SIU launches campus-wide tablet initiative

SIU launches campus-wide tablet initiative

January 23, 2013

By Christi Mathis

 

CARBONDALE, Ill. -- Southern Illinois University Carbondale is launching a Mobile Dawg program this semester, and officials say the cutting-edge technology will provide students with significant learning and financial benefits.

The pilot phase of Mobile Dawg involves 300 students receiving Dell Latitude 10 tablets.  Included with the tablets are digital textbooks the students need for some of their classes.  Faculty volunteers are pioneering the Educause/Internet2 eText Pilot project with 13 class sessions using the textbook technology this semester.  

Classes using the new technology include sections of University College, along with courses from the colleges of Applied Sciences and Arts, Business, Liberal Arts, Mass Communication and Media Arts, and Science.  The classes range from required first-year core courses to upper level courses to Honors classes.

“This program will have a very positive impact on our students,” Chancellor Rita Cheng said.  “They will benefit financially through the use of e-textbooks and they will connect more with campus life. Most importantly, we are confident the students’ use of the tablets will contribute to their academic success.”
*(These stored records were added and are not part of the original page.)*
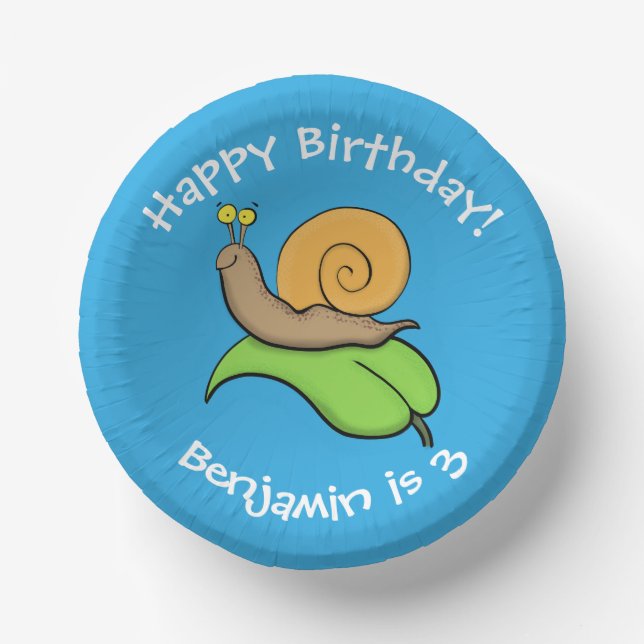 Cute, happy snail on a leaf cartoon illustration paper bowls (Front)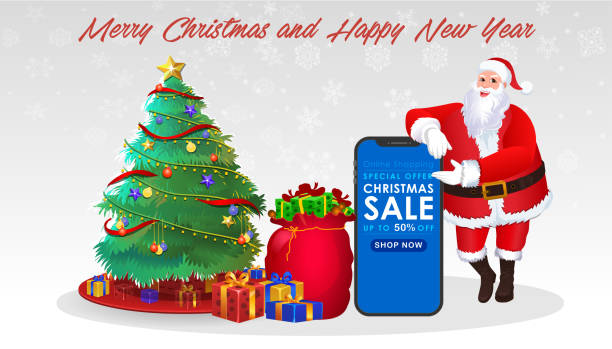 istock Santa Claus greeting merry christmas and happy new year 1285360513
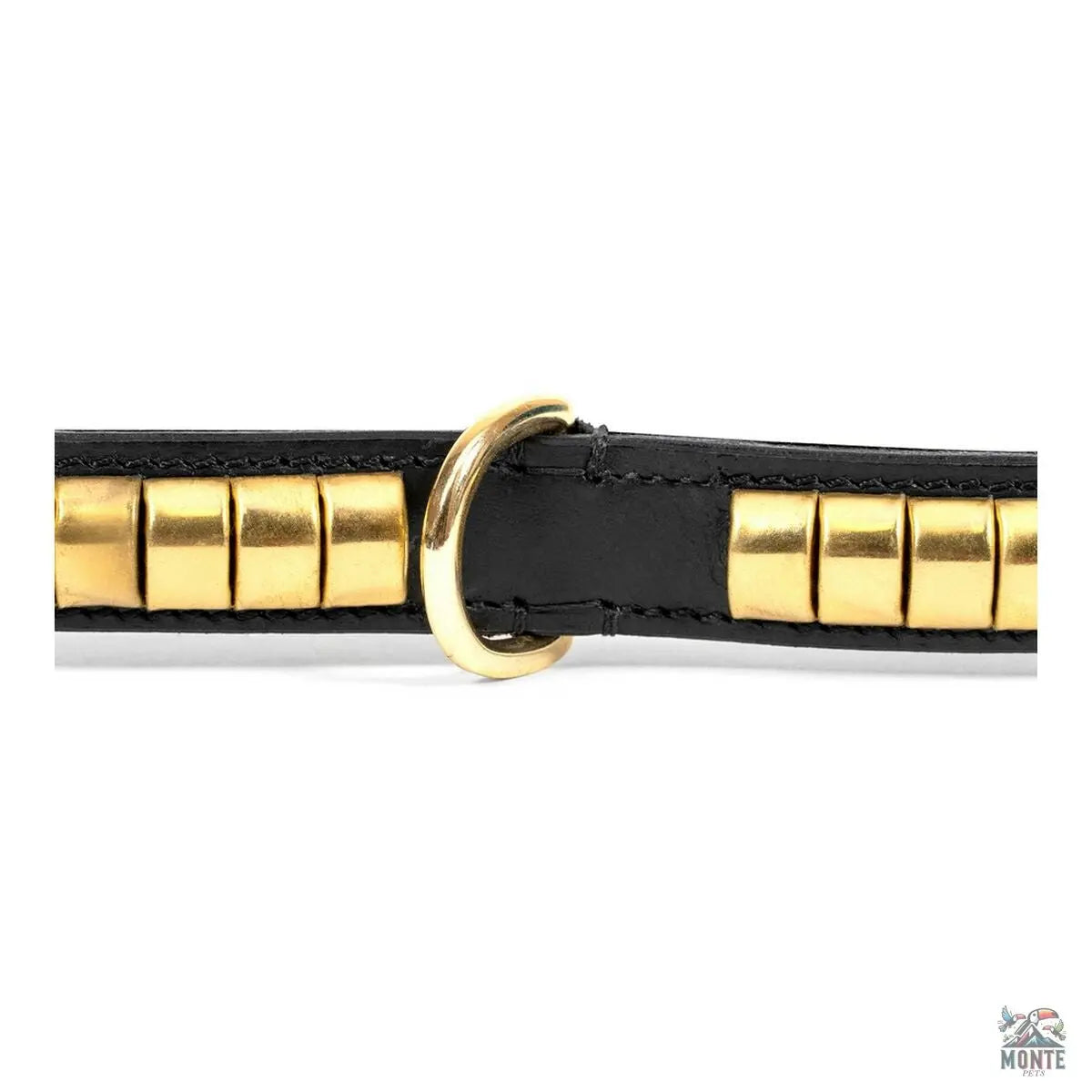 Hundehalsband Gloria Duna Schwarz Gold 45cm (45 x 2.5 cm) | MONTE PETS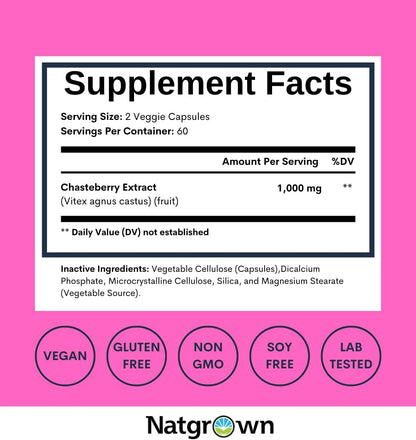 Natgrown Vitex (Sauzgatillo) 1.000 mg - 120 – Apoyar el equilibrio hormonal de la mujer, especialmente en relación – Image 4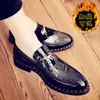 Moda Británica de Invierno Zapatos Casuales de Cuero con Punta Zapatos sin Cordones para Salón de Peluquería de Discoteca Zapatos Mocasines que Aumentan la Altura Zapatos Cálidos de Algodón para Hombre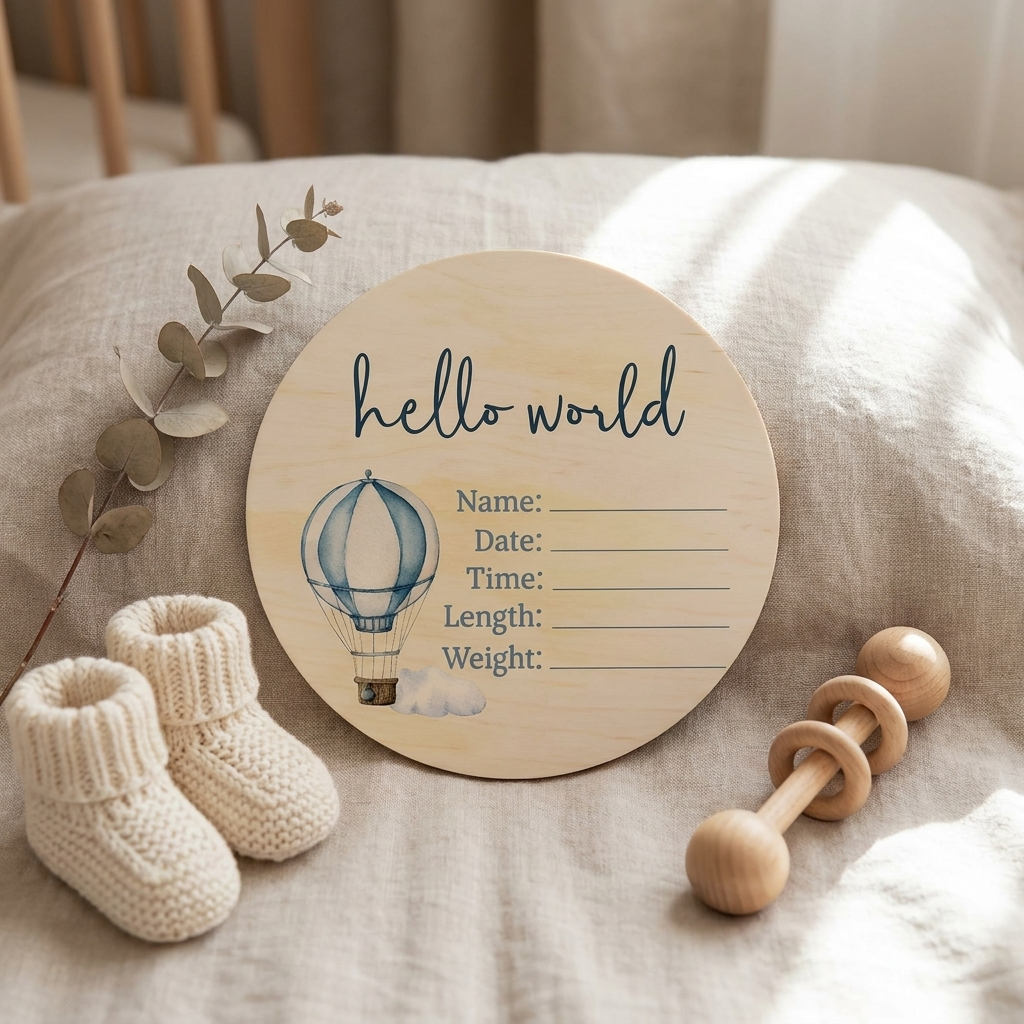 Hot Air Balloon Wooden Birth Disc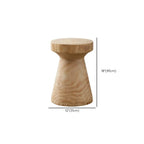 Natural Pine Small Wood Round End Table for Living Room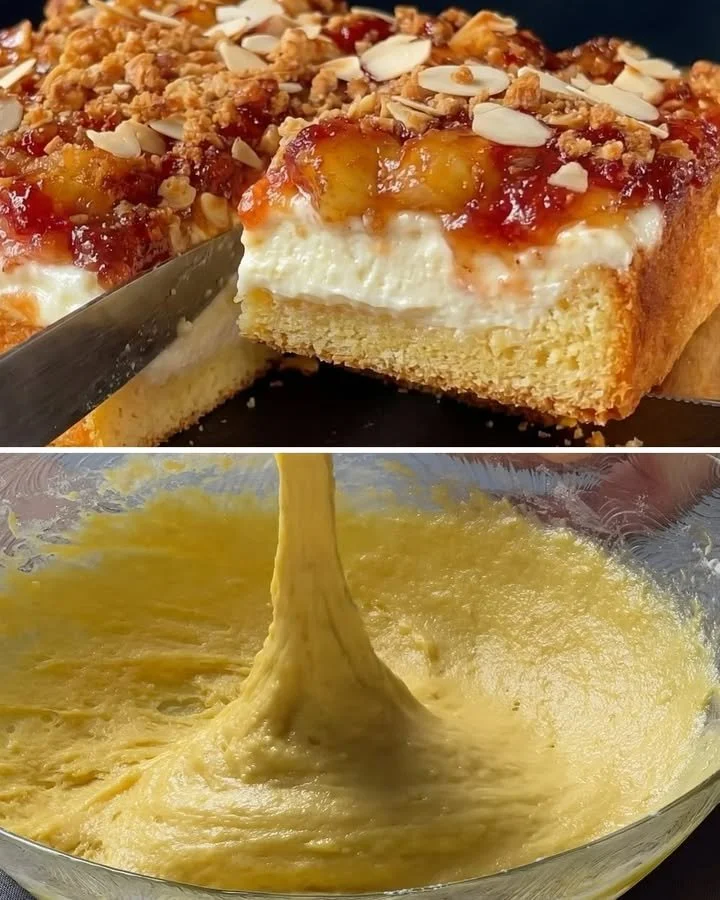 Karamellás almás-barackos túrós torta recept képe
The University has partnered with Microsoft; Dell; Intel; and Internet2, an e-textbook portal, to create and customize the program for SIU students.  A $200,000 investment from Intel and Microsoft assures that the customized tablet computers have the applications and texts the students need.

“Technology is central to the academic and campus experiences of our students,” Provost John Nicklow said.  “Being the first comprehensive research university to launch a large-scale, campus-wide tablet initiative that focuses on student success lets our students know that we are doing more than just highlighting cool hardware, we are working to revolutionize their experience at SIU.”

Research indicates that using e-textbooks and tablets improves student learning.  David Crain, assistant provost and chief information officer, cited studies indicating that 90 percent of students who own tablets believe the computers improve their educational experience.  Surveys indicate that many students don’t obtain all of their traditional assigned texts, he said.

The e-textbooks also cost a fraction of what print texts cost, officials said.  According to the FinAid website (www.finaid.org/questions/textbooks.phtml ) it is estimated that the average annual cost of textbooks in 2013 will be about $1,190.  The University can provide a tablet PC and electronic texts for about $30-$50 per class.

The tablets will interface with and/or supplement various other campus and online programs and initiatives including Student Self-Service, Desire2Learn, SalukiNet, wireless Internet, electronic textbooks and other digital/multimedia content.  The students can also use the online tablet applications for:

•  Residential life and dining (dining hours, menus, residence life programming)

•  Athletics (event-streaming, calendars)

•  Classroom and instructional technology (clicker applications, audio and video recordings, note taking, surveys, quizzes, assessment, homework, collaboration, assessment, placement tests)

•  Campus events and activities (streaming, event calendars, notifications)

•  Campus safety (emergency notification, access to police and reporting capabilities)

•  Virtual desktop initiative (access to all applications, data and documents students need without having to visit a computer lab)

•  Social media

Using the tablets and digital textbooks is convenient, easy to read, easy

to carry and less expensive, officials said.  There will also be docks in existing labs so students can connect their tablets to printers, keyboards and monitors. 

For the pilot phase of the program there is no cost to participating students for use of the tablets and e-texts.  Plans call for all new first-year students to receive tablets and e-textbooks beginning with the fall 2013 semester.  University officials will evaluate the entire program and determine if they are using the correct tablets, programs, applications and software prior to finalizing plans for the fall semester.

SIU is setting itself apart as a leader in this area.  Although tablets computers and electronic texts are becoming more common in K-12 education, universities are slow to follow the trend. The goal is to have the e-texts for all of the core curriculum freshman classes by fall.  The Mobile Dawg program, which plans to phase the tablets into use, will also be a valuable recruiting and retention tool, as the majority of today’s high school students say technology plays an important role in selecting a college.

Currently, the tablets, fully insured for four years against everything except theft, fire and loss, will be on loan to students.  There is a possibility in the future that students can retain ownership after a certain number of years.  The goal is for SIU to be the first research University to provide tablets to all students and fully integrate the tablets into campus life.